В то же время она помнила его позор – когда он поднялся, растерянный, со стиснутыми зубами, и по хребту его проходили змеиные судороги. Но она старалась не думать об этом. Не только у нее, но и у него что-то не в порядке – могла ли она признаться себе, что ее это чуточку обрадовало? Ужасно было бы, но и утешительно, если бы он страдал какой-нибудь врожденной болезнью, наследственным постыдным недугом, о котором только молчат, вроде недержания или рака – это слово она никогда не произносила вслух из суеверного страха, что оно заразит через рот. Глупость, конечно, в которой она никому не призналась бы. Но тогда они могли бы жалеть друг друга, соединенные в любви своими бедами. Она и жалела его, но чувствовала себя немного обманутой. Если у него что-то не в порядке, почему не признался ей по секрету? Хотя она отлично понимала, почему он не мог. Ведь и она умолчала. Да и как он мог признаться в своей слабости – какими словами начать? Не существовало таких слов. Такой язык еще надо было выработать.

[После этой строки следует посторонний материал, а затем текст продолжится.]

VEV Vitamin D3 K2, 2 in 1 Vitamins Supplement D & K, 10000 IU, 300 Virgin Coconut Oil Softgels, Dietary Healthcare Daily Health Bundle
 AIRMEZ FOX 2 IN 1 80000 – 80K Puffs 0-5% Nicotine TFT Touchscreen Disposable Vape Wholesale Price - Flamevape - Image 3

Развивая эту мысль, она вместе с тем отлично сознавала, что никакого изъяна в нем нет. Совсем никакого. Дело в ней, только в ней. Она стояла, прислонясь к большому лежащему дереву, вероятно выброшенному на берег штормом, ошкуренному волнами, гладкому и затвердевшему от соли. Ее поясница удобно поместилась между стволом и большим суком, и массивный ствол еще отдавал остатнее дневное тепло. Так мог бы младенец нежиться на сгибе материнской руки, но Флоренс не верила, что такое бывало с ней. У Виолетты руки были худые и напряженные от постоянного писания и мыслительной работы. Когда Флоренс было пять лет, у них служила норлендская няня, полненькая и уютная, с музыкальным шотландским голосом и красными руками – но ей пришлось уйти из-за какой-то некрасивой истории.

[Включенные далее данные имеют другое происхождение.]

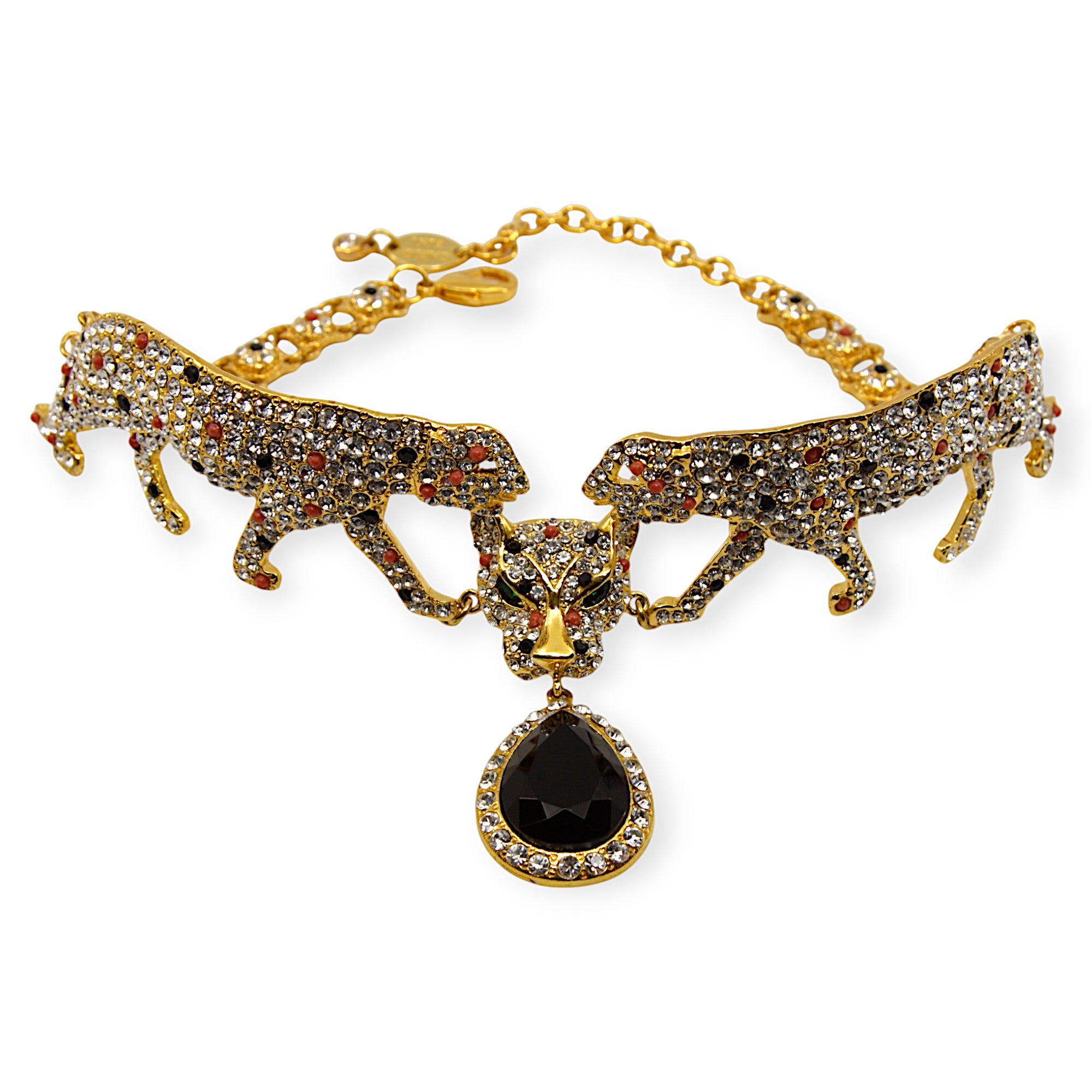 Jaguar Chocker Necklace With Black Drop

Флоренс продолжала наблюдать за приближением Эдуарда, уверенная, что он ее еще не видит. Она могла спуститься на другую сторону косы и вернуться по берегу Флита, но хоть и боялась встречи, решила, что сбежать – чересчур жестоко. Его плечи ненадолго обозначились на фоне серебристой воды, полоски течения, уходящей позади него далеко в море. Она уже слышала хруст гальки под его ногами; это значило, что он услышал бы ее шаги. Он знал, в какой стороне ее искать, потому что так они заранее договорились: после ужина прогуляться по знаменитой стрелке с бутылкой вина. Собирать камешки, сравнивать их и проверить, в самом ли деле шторма рассортировали гальку по размерам вдоль косы.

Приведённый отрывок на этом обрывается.